You presumably married the right person from that point of view. [His wife is a psychotherapist.]
How did you discover the facts of life?
“Ha ha! God… quite a long process actually. The boys at primary school would talk about wanking and shagging, and I started to piece it together. I first found out about transvestism—I’d been practising it for a couple of years at that point—in the Sunday People.”
How did you lose your virginity and what was your first sexual experience? They are not the same.
“Huge difference. Over ten years apart in my case. My virginity I lost conventionally with a girlfriend when I was 19. But I was taught to fuck by one of my lecturers at art school who was twice my age.”
Transgenerational sex is frowned on these days. Yet another example of the chasms which have been driven between age groups.
“Contact between older and younger is how knowledge is passed on. And it was a good experience for me. My earliest sexual experience happened when I was about eight. My stepfather used to make me go to football practice, which I hated—I did a pot called Football Stands For Everything I Hate—one day I bunked off, went tree-climbing, fell out, cut my leg, came home, and our babysitter washed me down, put me to bed, and in the night I sort of tied my pyjamas around my neck in a noose without quite realising what I was doing—I got a stiffie, I found it exciting.”
You must’ve been watching a western on television, somebody being lynched.
“Yes, that’s the sort of place you get your ideas from at that age. As a kid, I was turned on by Whatever Happened To Baby Jane?, The Man in the Iron Mask, some episodes of The Avengers with Emma Peel in the all-leather catsuit. When she was trapped in a chastity belt in one episode I got tremendously excited.”
What do you love to touch?
“I’ve had my fair share of rubber fetishes. Suffocation has always been a turn-on.”
Do you wear female underwear?
Words are important to you?
“Hugely. I’ve got a book coming out, Portrait of the Artist as a Young Girl. A friend of mine wrote it based on tapes of me speaking.”

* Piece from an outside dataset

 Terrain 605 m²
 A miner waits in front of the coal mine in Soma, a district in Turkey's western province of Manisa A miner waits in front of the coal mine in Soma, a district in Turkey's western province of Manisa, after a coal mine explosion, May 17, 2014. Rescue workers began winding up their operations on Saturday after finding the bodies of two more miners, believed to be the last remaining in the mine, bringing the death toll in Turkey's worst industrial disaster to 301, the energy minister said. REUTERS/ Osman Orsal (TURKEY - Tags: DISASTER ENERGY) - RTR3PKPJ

Do you know the work of Hans Bellmer?
“Yes, I like it. He’s the first explicit perv artist in the modern canon.”
I was looking at his La Poupée (“The Doll”) in Paris, a lifesize girl with white socks and black shoes, long cream thighs, pink flush—your iconography— but also his drawings, which are very acid. I don’t know if he took acid but Beardsley I think was his favourite artist. Did you take drugs?
“I’ve tried most of them. I enjoyed LSD the most.”
Did it influence your art?
“Yes, and it was a really bad influence for a while. It polluted my eye.”
Your ceramics are quite trippy. Stories going round and round, everything flowing into everything else.
“I’ve always had a horror vacui, I find it hard to leave a blank space in my work.”